- Opening Delimiter -
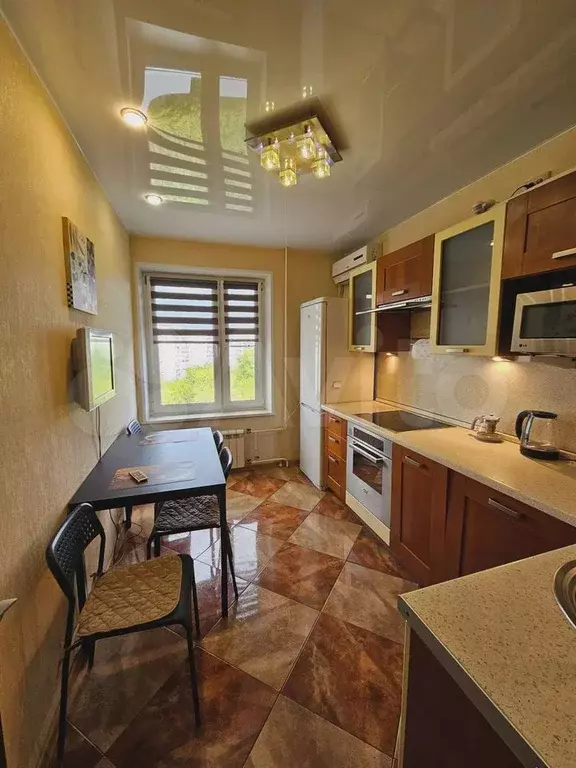 3-к. квартира, 65 м, 9/9 эт. - Фото 0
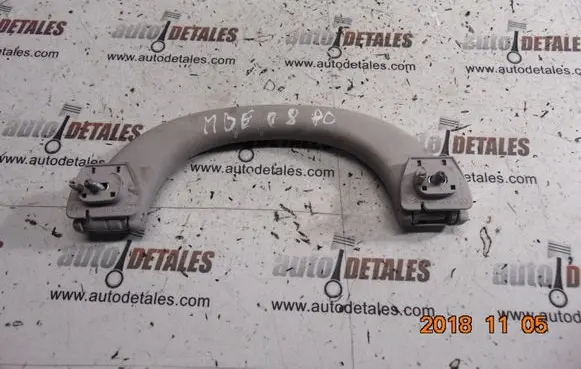Mercedes-Benz E W211 Front interior roof grab handle A2118100051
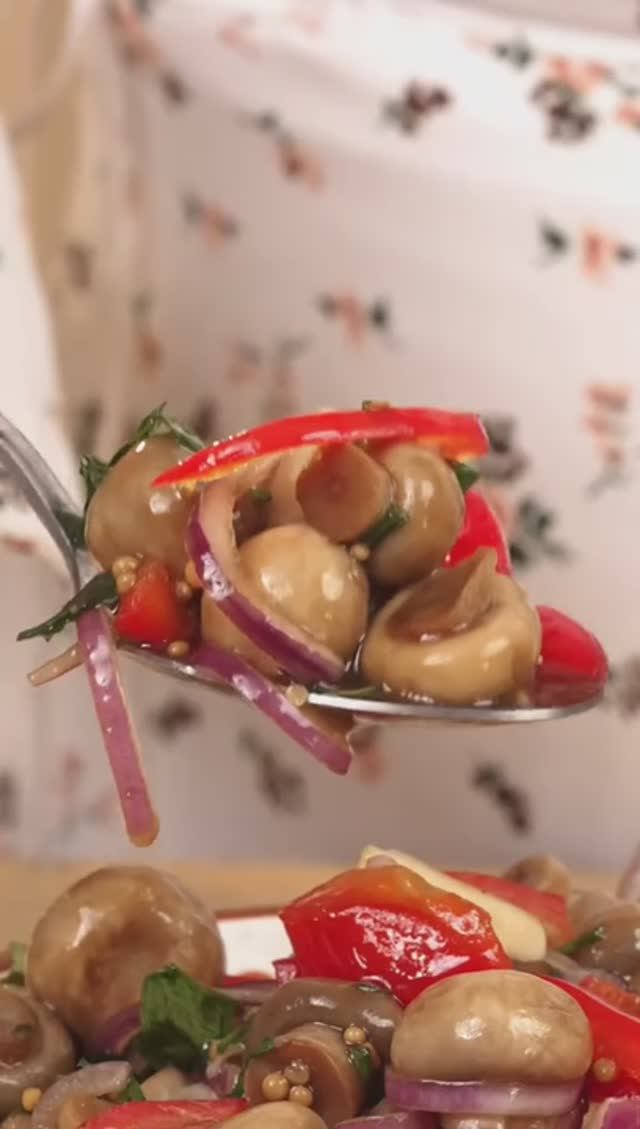 Вкуснейшие закусочные маринованные шампиньоны 😍 смотреть онлайн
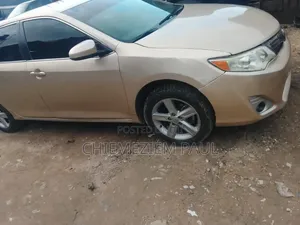 Toyota Camry LE 4dr Sedan (2.5L 4cyl 6A) 2013 Gold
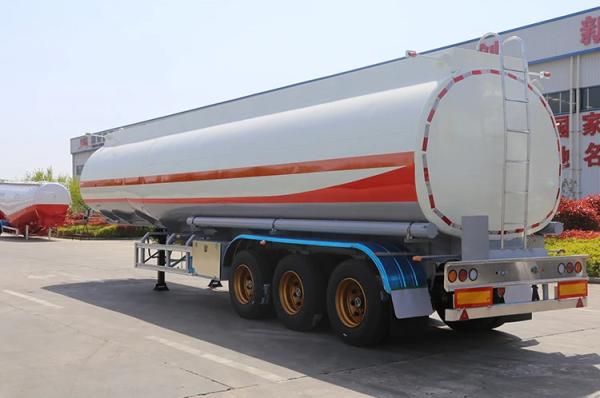 Quality 7000 Gallon Portable Diesel Fuel Tanker Trailer Oil Tank 3 Axles Carbon Steel for sale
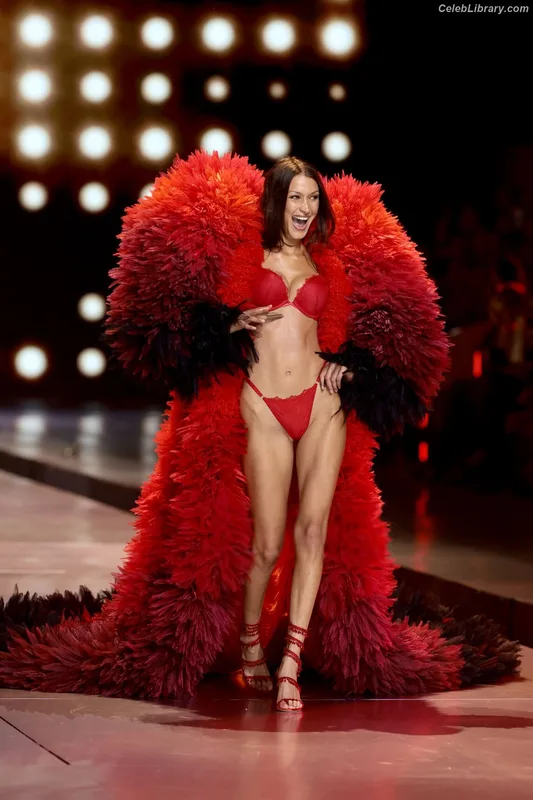 Bella Hadid photo 3 of 1874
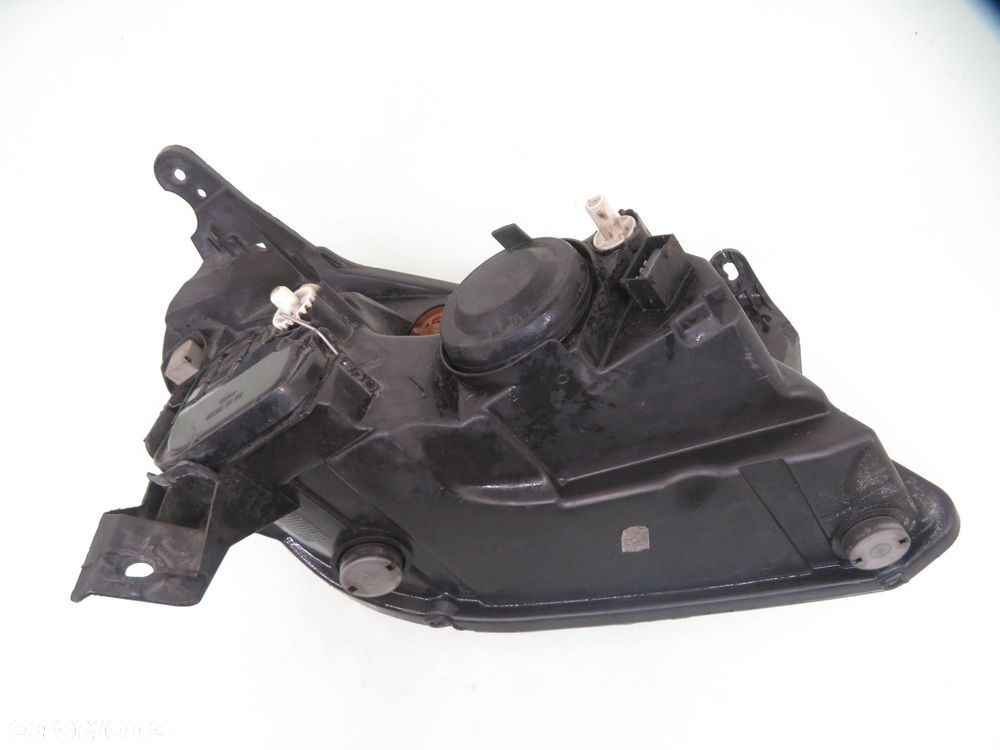 LAMPA LEWA PRZEDNIA OPEL TIGRA TwinTop 93162203 - 8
- Closing Delimiter -
» **Exercise**
The output should consist of every entry above, printed exactly, with the images removed.

» **Exercise response**
 3-к. квартира, 65 м, 9/9 эт. - Фото 0
Mercedes-Benz E W211 Front interior roof grab handle A2118100051
 Вкуснейшие закусочные маринованные шампиньоны 😍 смотреть онлайн
 Toyota Camry LE 4dr Sedan (2.5L 4cyl 6A) 2013 Gold
 Quality 7000 Gallon Portable Diesel Fuel Tanker Trailer Oil Tank 3 Axles Carbon Steel for sale
 Bella Hadid photo 3 of 1874
 LAMPA LEWA PRZEDNIA OPEL TIGRA TwinTop 93162203 - 8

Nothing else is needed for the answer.